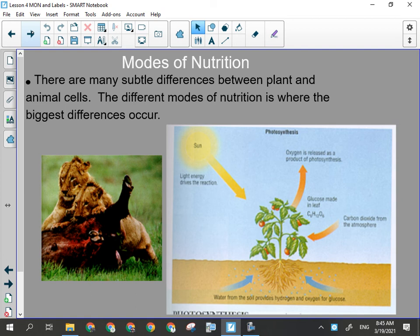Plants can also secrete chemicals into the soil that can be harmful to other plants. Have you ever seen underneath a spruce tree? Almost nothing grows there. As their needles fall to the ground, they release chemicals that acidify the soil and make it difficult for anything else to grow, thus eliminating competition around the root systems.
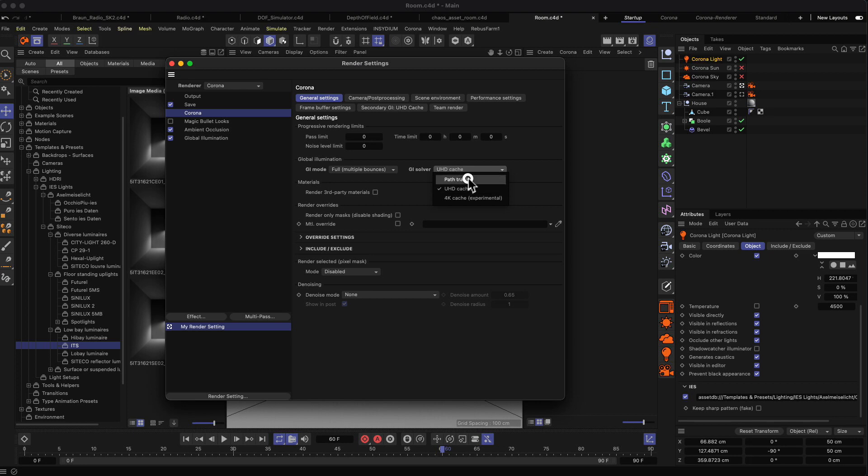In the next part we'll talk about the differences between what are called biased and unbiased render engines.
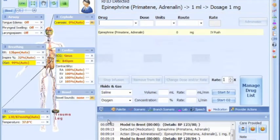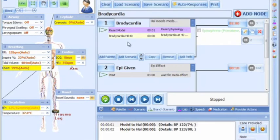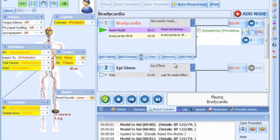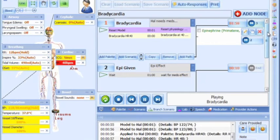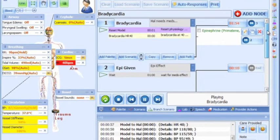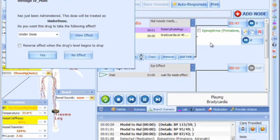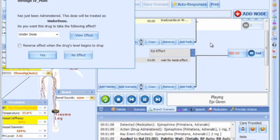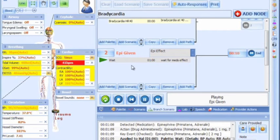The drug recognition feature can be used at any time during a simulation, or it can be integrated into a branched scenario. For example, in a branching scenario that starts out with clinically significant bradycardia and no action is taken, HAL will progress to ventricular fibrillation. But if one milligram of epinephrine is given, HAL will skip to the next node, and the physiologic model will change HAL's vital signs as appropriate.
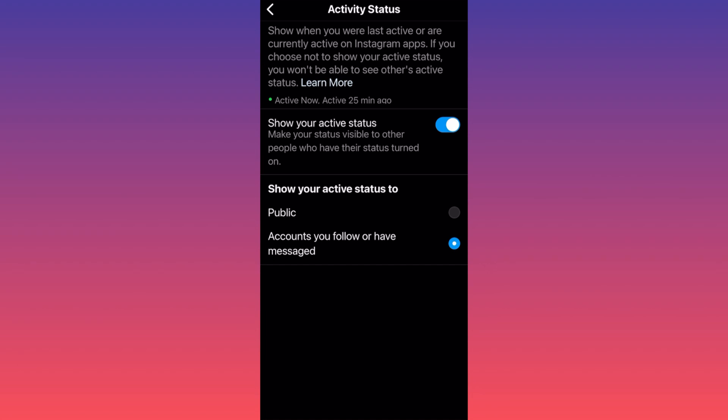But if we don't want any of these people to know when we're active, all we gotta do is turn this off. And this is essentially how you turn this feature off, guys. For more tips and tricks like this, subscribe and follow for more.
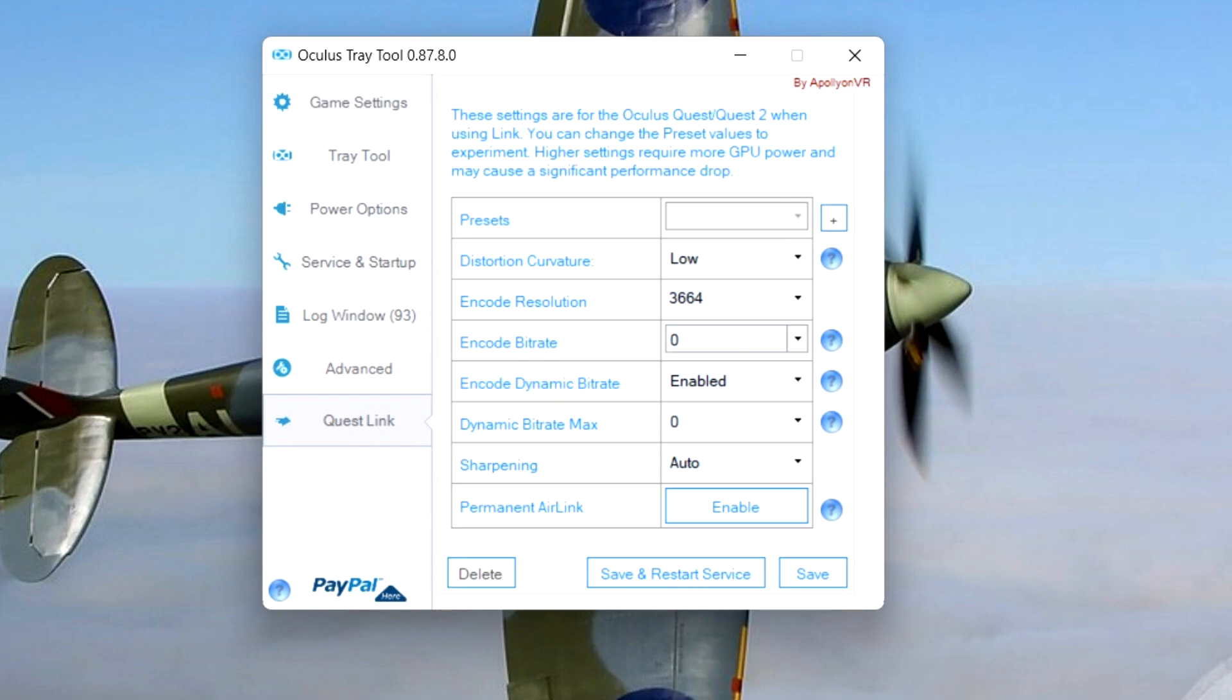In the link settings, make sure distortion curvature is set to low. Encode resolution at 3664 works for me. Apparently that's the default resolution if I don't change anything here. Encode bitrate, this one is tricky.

What to do: Restate all of the data word for word and include no pictures.

Written answer:
Plants can also secrete chemicals into the soil that can be harmful to other plants. Have you ever seen underneath a spruce tree? Almost nothing grows there. As their needles fall to the ground, they release chemicals that acidify the soil and make it difficult for anything else to grow, thus eliminating competition around the root systems.
In the next part we'll talk about the differences between what are called biased and unbiased render engines.
The drug recognition feature can be used at any time during a simulation, or it can be integrated into a branched scenario. For example, in a branching scenario that starts out with clinically significant bradycardia and no action is taken, HAL will progress to ventricular fibrillation. But if one milligram of epinephrine is given, HAL will skip to the next node, and the physiologic model will change HAL's vital signs as appropriate.
But if we don't want any of these people to know when we're active, all we gotta do is turn this off. And this is essentially how you turn this feature off, guys. For more tips and tricks like this, subscribe and follow for more.
In the link settings, make sure distortion curvature is set to low. Encode resolution at 3664 works for me. Apparently that's the default resolution if I don't change anything here. Encode bitrate, this one is tricky.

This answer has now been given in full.